Werkwijze

Hoe was de procedure van samenstelling?

Er waren drie gescheiden verantwoordelijkheden:

  • de Interkerkelijke Stichting voor het Kerklied was verantwoordelijk voor het redactionele proces;
  • de kerken waren verantwoordelijk voor het werk van supervisoren en klankbordgroepen;
  • de uitgeverscombinatie BV Liedboek was verantwoordelijk voor de uitgave van het Liedboek en alle begeleidende uitgaven.

Hoe verliep het redactionele proces?
Er was een redactie gevormd die werd bijgestaan door een acht redactionele werkgroepen voor acht verschillende aandachtsgebieden:

  1. Psalmen
  2. Gezangen uit het vorige liedboek
  3. Nieuwe Nederlandse liederen
  4. Nieuwe buitenlandse liederen
  5. Kinder-, jeugd- en tienerliederen
  6. Liturgische gezangen
  7. Overige zangvormen
  8. Gebeden en teksten voor meditatie

Redactie en werkgroepen werden gevormd door deskundigen op diverse terreinen (theologie, hymnologie, liturgiek, kerkmuziek, taal). De voorzitters van de werkgroepen maakten ook deel uit van de redactie. De redactie liet zich bijstaan door adviseurs op diverse terreinen.

Wat was de werkwijze van de werkgroepen en de redactie?
De werkwijze van de werkgroepen was verschillend. Dit hing ook samen met het aandachtsveld van een werkgroep. Gehanteerde werkwijzen waren:

  • bestaande liedbundels werden doorzocht op bruikbaar materiaal;
  • vanuit de vraag wat voor een bepaalde gelegenheid of situatie nodig was, werd bruikbaar materiaal gezocht;
  • dichters en componisten leverden op eigen initiatief materiaal in bij de redactie;
  • aan dichters en componisten werd gevraagd nieuw materiaal te schrijven.

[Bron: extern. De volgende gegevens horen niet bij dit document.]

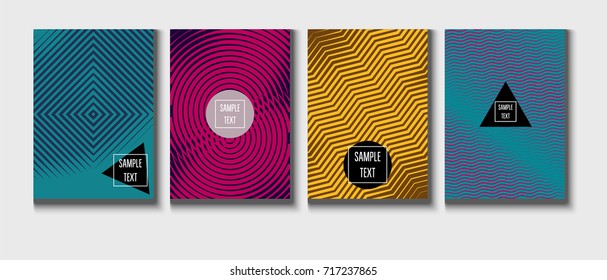 Minimal covers vector set. Iridescent futuristic poster design. Funky trendy business background. Cool A4 abstract minimal covers. Neon colored halftone blend tech design. Simple clean linear texture.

De werkgroepen bestudeerden liedmateriaal dat binnen hun aandachtsgebied lag. Ze maakten selecties en legden deze voor aan de redactie. De redactie bestudeerde de voorstellen van de werkgroepen en besliste welke liederen in het Liedboek een plaats kregen.

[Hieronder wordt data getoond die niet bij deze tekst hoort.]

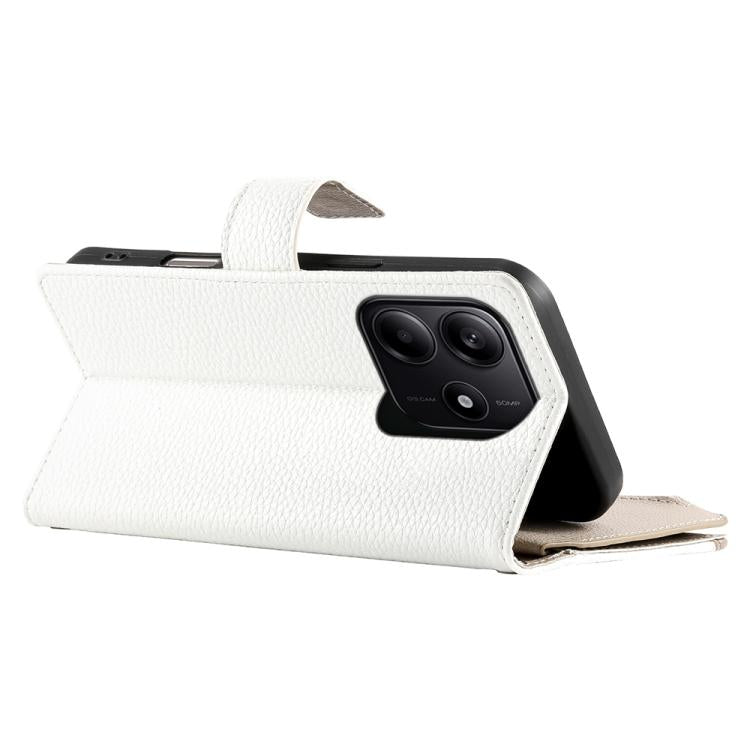 Funda de cuero con cremallera para Redmi Note 14 5G, con costuras globales, para múltiples tarjetas y correa corta (blanca)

Welke criteria hanteerden werkgroepen en redactie?
Om voor opname in de bundel in aanmerking te komen werden bepaalde eisen gesteld aan het materiaal. Die hadden betrekking op de tekst (zowel theologisch als poëtisch), de muziek en de liturgische functionaliteit. Met dat laatste wordt bedoeld dat duidelijk moest zijn op welke momenten of bij welke gelegenheden een lied zou kunnen functioneren binnen een of meer van de leefkringen waarvoor het boek bedoeld is.

Gaandeweg het redactionele proces zijn de criteria nader ontwikkeld en gepreciseerd.
Binnen de redactie werd een onderscheid gemaakt tussen primaire en secundaire criteria.

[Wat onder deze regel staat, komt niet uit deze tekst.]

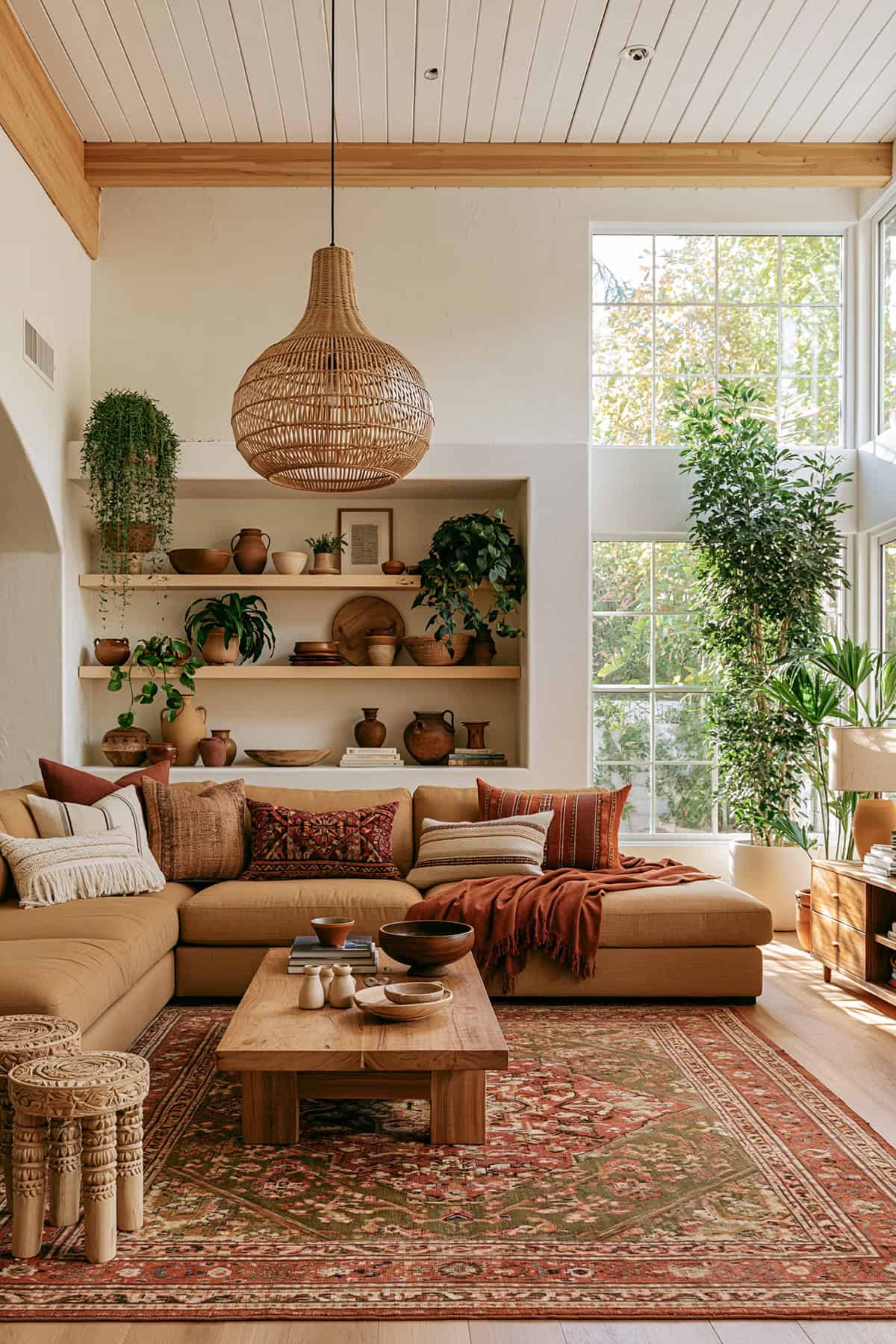 Earthy Bohemian Living Room With Collected Decor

Als primaire criteria golden:

  1. taal
  2. muziek
  3. relatie woord-toon
  4. theologie
  5. liturgische functionaliteit

Een lied moest op al deze punten kwaliteit hebben om in het boek opgenomen te worden.

Daarbij kwamen secundaire criteria:

  1. internationale betekenis
  2. historische betekenis
  3. beschikbaar kerkmuzikaal repertoire
  4. emotionele betekenis (geliefdheid)
  5. toegankelijkheid van de bundel als geheel

Secundaire criteria konden de motivatie om een lied te selecteren versterken; ze waren in zichzelf onvoldoende.

Wat was de rol van supervisoren?
Een ruime selectie van door de redactie geselecteerde liederen en teksten werd voorgelegd aan supervisoren. Deze supervisoren fungeerden als representanten van de toekomstige gebruikers van het boek.
De deelnemende kerken benoemden de supervisoren. De meeste supervisoren werden bijgestaan door een klankbordgroep. Het commentaar van de supervisoren had de status van advies. Op grond van het commentaar van supervisoren heeft de redactie haar blik gescherpt en soms gemaakte keuzen heroverwogen.

De Protestantse Kerk in Nederland benoemde negen supervisoren met elk een eigen aandachtsgebied: missionair, liturgie, spiritualiteit, pastoraat, gender, jeugd, kerkmuziek, theologie en Lutheranisme.
De supervisoren schreven hun advies vanuit het perspectief van het specifieke aandachtspunt dat zij als opdracht hebben meegekregen of anders vanuit het perspectief van de kerk of de geloofsgemeenschap die zij vertegenwoordigen.